On réédite aujourd’hui sous le titre générique de La Gazette littéraire de Montréal le deuxième périodique à voir le jour au Québec. Ses deux fondateurs français, le rédacteur Valentin Jautard et l’imprimeur Fleury Mesplet, s’étaient donné la « double mission didactique » de « favoriserl’instruction » des Canadiens et de « développer l[eur] esprit critique », ce, en mettant à profit l’utile dulci d’Horace. Mais leur adhésion à la philosophie des Lumières, leur critique de l’ordre social, leur remise en cause de l’enseignement du Collège de Montréal et leur intervention dans l’administration de la justice déplurent au gouverneur Frederick Haldimand, qui, sous la pression du juge René-Ovide Hertel de Rouville et du supérieur des sulpiciens, Étienne Montgolfier, supprima le journal et emprisonna ses animateurs.
La Gazette littéraire de Montréal n’avait pourtant pas un contenu très subversif. Ses 574 textes offrent plutôt un large éventail de sujets, hormis les matières politiques et religieuses, volontairement écartées : on y trouve des maximes et des sentences, des réflexions morales, scientifiques et juridiques, des poèmes de différente nature (hommages, élégies, sonnets, chansons…), des fables et des contes, des leçons d’orthographe, de grammaire et de versification, des questions d’arithmétique, de géométrie et de géographie, des anecdotes, des jeux littéraires versifiés, sous forme d’« énigmes » et de « logogriphes », des « avertissements » (annonces), des discussions sur l’éducation, la mode féminine, les différences climatiques, le plagiat, la loi naturelle, le savoir-vivre… Suivant la mode européenne du journalisme littéraire de l’époque, les auteurs, masculins pour la plupart, écrivent alors sous l’anonymat ou le pseudonymat. Les nombreux articles que Valentin Jautard publie pour sa part sous le couvert du « Spectateur tranquille » répondent souvent à des contradicteurs, qu’ils soient réels ou fictifs.
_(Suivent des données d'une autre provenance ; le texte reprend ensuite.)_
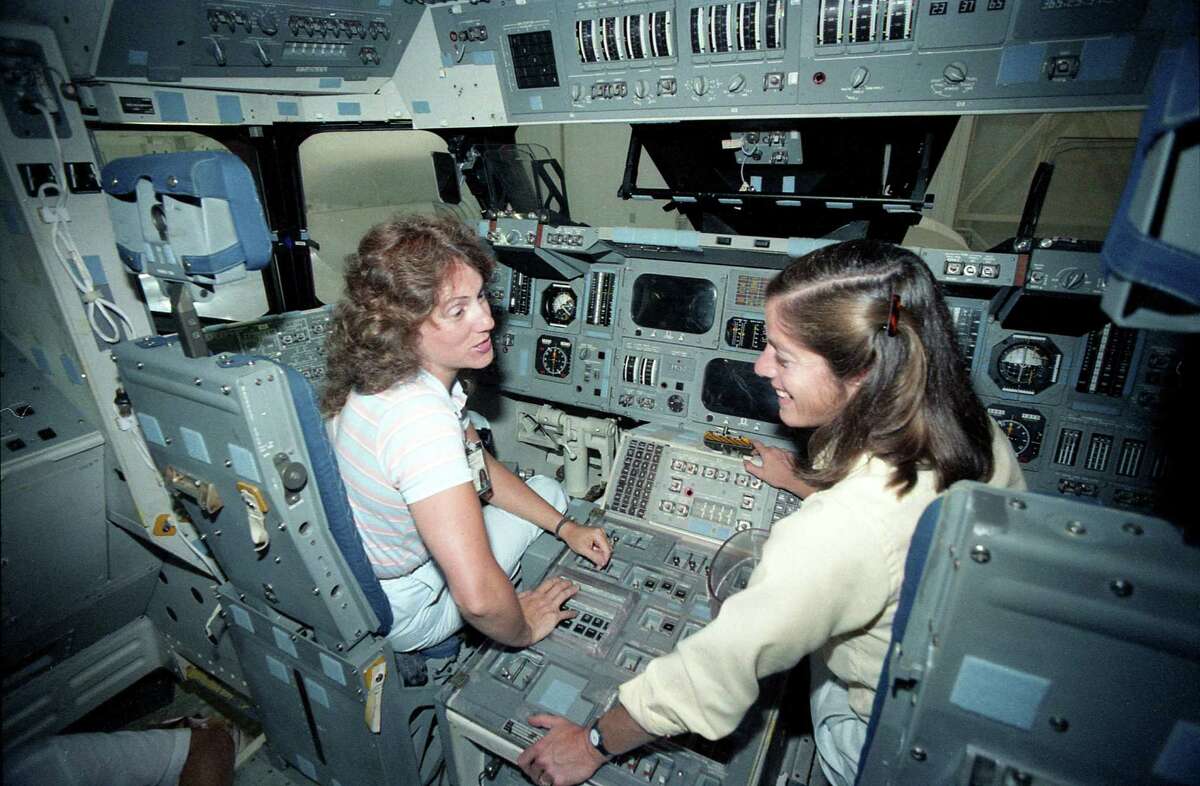 Teacher Christa McAuliffe gets a tour of the space shuttle mockups at the public affairs offices at the Johnson Space Center, Sept. 12, 1985. With her is teacher Barbara Morgan.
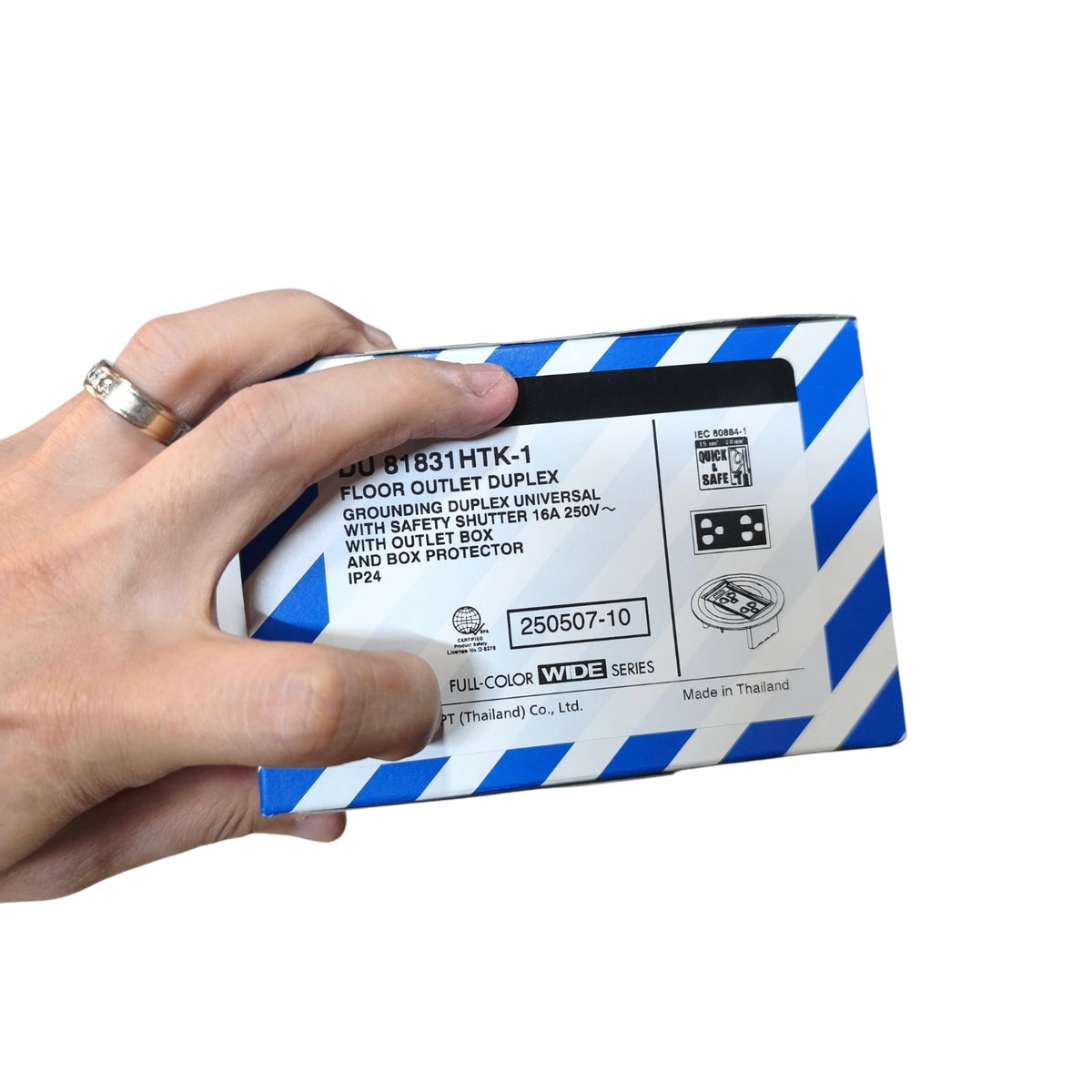 A hand holding a blue and white striped box of THOR Floor Outlet Duplex GFCI Outlet Universal, with product text and icons visible on the side.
Les polémiques sont d’ailleurs fréquentes, notamment autour de ce qu’il est convenu d’appeler l’« Affaire ‘Zélim’ » et de l’éphémère Académie de Montréal, née pour défendre le controversé Voltaire. Le ton varie du badin au sérieux, de l’encensement à la dénonciation, de la critique humoristique à l’attaque cinglante.
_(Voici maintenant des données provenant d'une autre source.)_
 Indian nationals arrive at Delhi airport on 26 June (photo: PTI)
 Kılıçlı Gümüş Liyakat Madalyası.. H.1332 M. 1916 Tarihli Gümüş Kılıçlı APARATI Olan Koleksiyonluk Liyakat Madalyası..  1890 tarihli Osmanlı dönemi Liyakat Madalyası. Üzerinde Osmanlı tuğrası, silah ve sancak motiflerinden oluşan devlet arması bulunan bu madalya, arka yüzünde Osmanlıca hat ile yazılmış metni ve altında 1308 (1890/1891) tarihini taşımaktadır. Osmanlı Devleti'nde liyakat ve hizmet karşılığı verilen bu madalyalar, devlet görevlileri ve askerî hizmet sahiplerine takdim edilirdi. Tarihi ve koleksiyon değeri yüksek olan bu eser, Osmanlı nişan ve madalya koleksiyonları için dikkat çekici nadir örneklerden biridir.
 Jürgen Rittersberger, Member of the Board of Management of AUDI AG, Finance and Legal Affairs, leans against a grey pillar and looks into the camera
Les éditeurs ont procédé à différentes uniformisations typographiques et corrigé les « coquilles évidentes » et les « fautes flagrantes ». « Par souci de témoigner de l’état de la langue française à la fin du XVIIIe siècle », ils n’ont cependant « modernisé ni la grammaire, ni l’orthographe des mots ». Il faut souligner ici avec insistance la richesse de l’appareil critique qui accompagne cette réédition : la justesse et la finesse de l’introduction de Nova Doyon, de même que l’ampleur et la précision des annotations de Jacques Cotnam et de Pierre Hébert font de cette publication désormais incontournable un document d’une rarissime qualité, qu’une quantité relativement peu élevée d’anomalies, eu égard aux multiples difficultés inhérentes au projet, ne réussit pas à ternir.